ACTIVITY: Give back, character for character, the line that includes "Relaxed fit trousers" and all lines beneath it in the data.

(Beginning of RECORD SET)

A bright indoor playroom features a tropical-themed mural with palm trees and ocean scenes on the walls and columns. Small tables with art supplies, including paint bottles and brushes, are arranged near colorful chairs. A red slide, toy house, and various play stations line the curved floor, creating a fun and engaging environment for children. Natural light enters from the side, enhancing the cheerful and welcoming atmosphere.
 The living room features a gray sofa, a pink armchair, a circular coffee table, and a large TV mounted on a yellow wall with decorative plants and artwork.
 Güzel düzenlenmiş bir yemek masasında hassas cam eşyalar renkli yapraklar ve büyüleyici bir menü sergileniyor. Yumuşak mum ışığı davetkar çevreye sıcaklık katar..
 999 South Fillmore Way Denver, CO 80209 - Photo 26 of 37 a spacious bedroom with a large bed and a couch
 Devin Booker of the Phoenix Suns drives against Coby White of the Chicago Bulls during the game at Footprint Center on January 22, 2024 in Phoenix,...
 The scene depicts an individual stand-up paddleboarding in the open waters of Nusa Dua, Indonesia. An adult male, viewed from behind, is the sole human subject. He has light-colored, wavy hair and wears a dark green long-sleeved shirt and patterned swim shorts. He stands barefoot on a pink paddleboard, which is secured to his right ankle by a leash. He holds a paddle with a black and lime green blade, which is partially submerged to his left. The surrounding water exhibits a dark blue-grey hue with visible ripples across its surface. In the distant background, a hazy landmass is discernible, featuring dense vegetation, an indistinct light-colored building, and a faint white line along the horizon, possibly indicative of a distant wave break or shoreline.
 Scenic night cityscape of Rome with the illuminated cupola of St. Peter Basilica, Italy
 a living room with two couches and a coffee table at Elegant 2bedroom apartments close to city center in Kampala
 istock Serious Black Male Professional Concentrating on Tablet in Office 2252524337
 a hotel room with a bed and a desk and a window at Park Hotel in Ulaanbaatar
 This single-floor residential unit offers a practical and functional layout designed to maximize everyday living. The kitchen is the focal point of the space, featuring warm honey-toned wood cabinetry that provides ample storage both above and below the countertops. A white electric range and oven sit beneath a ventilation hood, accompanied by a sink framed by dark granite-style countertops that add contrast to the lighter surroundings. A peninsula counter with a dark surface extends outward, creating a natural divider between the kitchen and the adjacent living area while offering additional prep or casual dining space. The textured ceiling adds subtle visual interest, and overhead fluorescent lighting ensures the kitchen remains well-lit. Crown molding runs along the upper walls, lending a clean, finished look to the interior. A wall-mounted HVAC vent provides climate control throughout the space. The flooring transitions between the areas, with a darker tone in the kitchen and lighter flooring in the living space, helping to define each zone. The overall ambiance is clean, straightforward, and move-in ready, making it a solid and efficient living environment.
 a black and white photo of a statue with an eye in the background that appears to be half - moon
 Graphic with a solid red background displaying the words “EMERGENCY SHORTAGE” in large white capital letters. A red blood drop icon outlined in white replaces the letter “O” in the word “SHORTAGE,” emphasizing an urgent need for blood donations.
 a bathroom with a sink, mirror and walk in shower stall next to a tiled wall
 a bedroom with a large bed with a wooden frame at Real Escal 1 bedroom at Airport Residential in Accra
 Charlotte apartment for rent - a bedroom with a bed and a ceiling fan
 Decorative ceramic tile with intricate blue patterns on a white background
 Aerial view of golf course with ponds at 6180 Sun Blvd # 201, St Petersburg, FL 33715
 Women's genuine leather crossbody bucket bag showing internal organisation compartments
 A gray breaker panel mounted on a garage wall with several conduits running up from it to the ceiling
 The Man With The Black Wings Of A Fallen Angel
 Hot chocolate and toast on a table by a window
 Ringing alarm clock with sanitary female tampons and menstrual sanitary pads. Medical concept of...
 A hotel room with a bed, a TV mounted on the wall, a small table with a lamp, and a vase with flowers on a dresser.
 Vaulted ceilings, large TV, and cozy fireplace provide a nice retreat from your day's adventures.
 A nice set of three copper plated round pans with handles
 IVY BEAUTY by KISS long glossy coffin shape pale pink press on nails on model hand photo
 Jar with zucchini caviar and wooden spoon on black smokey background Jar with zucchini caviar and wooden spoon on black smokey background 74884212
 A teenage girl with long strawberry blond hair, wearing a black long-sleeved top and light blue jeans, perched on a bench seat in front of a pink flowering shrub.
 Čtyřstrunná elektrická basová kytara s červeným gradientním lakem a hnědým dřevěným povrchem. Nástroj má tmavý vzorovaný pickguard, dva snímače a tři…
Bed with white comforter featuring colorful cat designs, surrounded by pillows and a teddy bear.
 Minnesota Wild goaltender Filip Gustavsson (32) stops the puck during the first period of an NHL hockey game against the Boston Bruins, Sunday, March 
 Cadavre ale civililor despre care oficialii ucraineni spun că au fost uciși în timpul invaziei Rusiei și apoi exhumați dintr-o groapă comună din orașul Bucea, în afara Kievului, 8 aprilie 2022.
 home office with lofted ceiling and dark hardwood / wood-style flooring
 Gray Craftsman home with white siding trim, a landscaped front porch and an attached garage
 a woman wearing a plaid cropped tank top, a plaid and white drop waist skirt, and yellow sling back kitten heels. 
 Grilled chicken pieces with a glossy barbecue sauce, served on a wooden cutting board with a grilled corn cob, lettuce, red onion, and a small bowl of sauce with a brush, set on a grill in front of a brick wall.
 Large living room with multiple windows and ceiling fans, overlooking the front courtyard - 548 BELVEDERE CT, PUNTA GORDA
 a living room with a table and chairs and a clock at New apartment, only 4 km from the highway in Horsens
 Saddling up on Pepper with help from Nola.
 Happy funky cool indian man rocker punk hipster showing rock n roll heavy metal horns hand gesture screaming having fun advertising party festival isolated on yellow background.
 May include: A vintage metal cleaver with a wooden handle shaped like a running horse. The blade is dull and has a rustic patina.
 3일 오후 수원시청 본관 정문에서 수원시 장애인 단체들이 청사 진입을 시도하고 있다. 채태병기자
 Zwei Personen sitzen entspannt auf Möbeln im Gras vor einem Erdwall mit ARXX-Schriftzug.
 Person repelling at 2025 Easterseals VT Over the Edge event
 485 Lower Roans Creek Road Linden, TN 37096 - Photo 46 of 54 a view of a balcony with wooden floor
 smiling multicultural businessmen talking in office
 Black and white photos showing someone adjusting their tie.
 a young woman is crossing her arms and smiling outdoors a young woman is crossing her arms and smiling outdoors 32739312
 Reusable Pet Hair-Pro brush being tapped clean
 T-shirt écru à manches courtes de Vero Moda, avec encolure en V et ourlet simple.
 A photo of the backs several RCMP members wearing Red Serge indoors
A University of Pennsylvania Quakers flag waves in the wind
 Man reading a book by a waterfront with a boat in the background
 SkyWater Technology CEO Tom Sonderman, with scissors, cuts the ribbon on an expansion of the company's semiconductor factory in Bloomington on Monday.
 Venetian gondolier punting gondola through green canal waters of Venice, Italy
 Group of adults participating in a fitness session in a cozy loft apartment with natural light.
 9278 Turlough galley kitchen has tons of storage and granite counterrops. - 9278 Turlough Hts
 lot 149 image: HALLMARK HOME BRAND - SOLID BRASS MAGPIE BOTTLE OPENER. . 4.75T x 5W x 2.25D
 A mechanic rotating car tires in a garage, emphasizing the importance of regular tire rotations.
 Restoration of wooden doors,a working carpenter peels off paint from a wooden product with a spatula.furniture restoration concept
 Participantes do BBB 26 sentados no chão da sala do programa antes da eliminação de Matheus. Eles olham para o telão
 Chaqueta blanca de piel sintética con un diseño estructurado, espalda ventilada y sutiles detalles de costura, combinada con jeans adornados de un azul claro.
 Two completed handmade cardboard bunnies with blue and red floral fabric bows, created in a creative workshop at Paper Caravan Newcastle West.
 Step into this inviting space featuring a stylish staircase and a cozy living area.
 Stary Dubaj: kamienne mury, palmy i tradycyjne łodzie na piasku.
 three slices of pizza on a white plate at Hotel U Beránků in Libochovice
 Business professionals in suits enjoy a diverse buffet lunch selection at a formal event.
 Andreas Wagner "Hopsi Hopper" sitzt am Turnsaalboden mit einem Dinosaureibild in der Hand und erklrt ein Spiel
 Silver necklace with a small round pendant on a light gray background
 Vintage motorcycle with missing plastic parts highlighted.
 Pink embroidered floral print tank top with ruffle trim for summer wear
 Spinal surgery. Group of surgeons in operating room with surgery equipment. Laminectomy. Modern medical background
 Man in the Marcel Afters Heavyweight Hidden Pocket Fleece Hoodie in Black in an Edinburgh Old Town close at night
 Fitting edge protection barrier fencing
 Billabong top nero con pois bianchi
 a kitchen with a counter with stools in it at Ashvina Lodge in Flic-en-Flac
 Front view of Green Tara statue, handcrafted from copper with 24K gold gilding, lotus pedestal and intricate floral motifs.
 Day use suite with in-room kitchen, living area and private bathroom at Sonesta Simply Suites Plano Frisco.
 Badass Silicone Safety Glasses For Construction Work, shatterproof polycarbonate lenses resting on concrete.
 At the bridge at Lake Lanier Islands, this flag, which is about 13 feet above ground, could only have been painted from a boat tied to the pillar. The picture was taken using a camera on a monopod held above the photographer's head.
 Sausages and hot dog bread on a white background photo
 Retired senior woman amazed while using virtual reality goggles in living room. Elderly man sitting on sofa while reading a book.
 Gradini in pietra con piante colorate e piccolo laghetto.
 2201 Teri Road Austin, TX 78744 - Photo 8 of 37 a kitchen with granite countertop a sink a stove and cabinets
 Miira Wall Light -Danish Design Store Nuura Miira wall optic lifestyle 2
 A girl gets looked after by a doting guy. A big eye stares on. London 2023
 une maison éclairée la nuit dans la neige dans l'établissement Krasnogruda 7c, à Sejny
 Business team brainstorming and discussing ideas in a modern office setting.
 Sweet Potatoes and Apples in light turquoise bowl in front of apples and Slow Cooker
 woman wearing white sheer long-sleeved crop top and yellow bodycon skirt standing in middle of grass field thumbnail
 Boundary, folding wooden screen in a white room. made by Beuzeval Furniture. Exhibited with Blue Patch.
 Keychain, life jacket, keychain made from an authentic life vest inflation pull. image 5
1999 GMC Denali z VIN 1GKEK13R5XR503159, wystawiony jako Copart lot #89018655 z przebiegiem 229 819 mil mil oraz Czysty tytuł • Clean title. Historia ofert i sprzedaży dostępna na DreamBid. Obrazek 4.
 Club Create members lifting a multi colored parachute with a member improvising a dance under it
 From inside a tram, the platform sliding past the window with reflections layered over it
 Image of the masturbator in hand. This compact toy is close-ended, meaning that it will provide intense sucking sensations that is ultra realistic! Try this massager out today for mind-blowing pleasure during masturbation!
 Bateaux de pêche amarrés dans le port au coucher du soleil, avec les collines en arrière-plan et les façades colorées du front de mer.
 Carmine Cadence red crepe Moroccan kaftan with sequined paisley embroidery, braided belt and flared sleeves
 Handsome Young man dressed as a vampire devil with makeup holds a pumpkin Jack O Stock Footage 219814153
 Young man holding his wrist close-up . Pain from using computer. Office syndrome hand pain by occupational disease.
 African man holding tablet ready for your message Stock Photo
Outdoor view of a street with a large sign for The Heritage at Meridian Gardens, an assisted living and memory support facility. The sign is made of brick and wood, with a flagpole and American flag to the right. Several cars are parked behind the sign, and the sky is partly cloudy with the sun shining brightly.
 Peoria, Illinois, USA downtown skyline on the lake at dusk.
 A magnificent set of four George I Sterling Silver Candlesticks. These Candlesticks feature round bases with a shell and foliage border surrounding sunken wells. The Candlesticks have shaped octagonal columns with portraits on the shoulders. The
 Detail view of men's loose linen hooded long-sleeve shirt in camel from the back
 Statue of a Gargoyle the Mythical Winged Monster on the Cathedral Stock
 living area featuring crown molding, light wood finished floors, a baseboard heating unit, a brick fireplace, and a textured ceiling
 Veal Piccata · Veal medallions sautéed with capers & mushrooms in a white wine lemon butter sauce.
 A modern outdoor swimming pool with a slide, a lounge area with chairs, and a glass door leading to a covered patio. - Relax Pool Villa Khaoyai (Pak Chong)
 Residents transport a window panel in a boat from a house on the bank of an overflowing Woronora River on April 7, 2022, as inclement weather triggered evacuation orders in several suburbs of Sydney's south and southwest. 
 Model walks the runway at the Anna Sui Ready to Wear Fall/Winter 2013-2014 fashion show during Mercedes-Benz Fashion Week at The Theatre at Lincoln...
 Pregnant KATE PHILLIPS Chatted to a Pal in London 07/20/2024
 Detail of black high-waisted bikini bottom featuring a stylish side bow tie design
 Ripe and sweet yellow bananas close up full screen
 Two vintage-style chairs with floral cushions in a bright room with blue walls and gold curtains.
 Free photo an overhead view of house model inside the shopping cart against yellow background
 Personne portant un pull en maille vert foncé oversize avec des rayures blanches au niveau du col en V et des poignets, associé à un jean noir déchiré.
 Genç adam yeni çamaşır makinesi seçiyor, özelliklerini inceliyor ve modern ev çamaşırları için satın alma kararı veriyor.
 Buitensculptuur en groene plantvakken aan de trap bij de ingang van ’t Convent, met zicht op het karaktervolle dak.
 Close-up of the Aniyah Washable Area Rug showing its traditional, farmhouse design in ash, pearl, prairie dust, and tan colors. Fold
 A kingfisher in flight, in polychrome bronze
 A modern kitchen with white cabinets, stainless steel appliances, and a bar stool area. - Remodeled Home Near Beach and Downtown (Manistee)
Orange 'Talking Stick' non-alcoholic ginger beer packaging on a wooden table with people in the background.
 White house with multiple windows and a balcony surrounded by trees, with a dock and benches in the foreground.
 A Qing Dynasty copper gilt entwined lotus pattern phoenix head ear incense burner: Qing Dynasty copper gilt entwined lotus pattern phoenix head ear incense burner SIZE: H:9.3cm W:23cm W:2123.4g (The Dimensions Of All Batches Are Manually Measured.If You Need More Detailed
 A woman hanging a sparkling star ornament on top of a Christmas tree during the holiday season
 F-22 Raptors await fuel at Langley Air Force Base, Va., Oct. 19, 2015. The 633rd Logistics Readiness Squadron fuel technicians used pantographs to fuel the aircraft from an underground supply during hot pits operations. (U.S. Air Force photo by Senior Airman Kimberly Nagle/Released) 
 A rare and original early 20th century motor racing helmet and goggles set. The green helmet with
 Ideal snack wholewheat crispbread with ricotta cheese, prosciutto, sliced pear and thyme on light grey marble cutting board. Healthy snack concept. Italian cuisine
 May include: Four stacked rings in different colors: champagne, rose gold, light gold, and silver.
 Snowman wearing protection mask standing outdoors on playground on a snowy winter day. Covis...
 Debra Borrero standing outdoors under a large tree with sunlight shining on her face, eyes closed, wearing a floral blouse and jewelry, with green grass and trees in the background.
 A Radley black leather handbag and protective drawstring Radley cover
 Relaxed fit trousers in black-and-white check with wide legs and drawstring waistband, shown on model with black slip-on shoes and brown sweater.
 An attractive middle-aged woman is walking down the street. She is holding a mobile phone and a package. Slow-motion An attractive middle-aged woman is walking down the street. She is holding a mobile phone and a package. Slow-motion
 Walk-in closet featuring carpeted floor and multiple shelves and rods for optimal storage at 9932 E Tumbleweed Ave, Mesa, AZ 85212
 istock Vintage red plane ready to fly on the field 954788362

(End of RECORD SET)

EXERCISE SOLUTION:
 Relaxed fit trousers in black-and-white check with wide legs and drawstring waistband, shown on model with black slip-on shoes and brown sweater.
 An attractive middle-aged woman is walking down the street. She is holding a mobile phone and a package. Slow-motion An attractive middle-aged woman is walking down the street. She is holding a mobile phone and a package. Slow-motion
 Walk-in closet featuring carpeted floor and multiple shelves and rods for optimal storage at 9932 E Tumbleweed Ave, Mesa, AZ 85212
 istock Vintage red plane ready to fly on the field 954788362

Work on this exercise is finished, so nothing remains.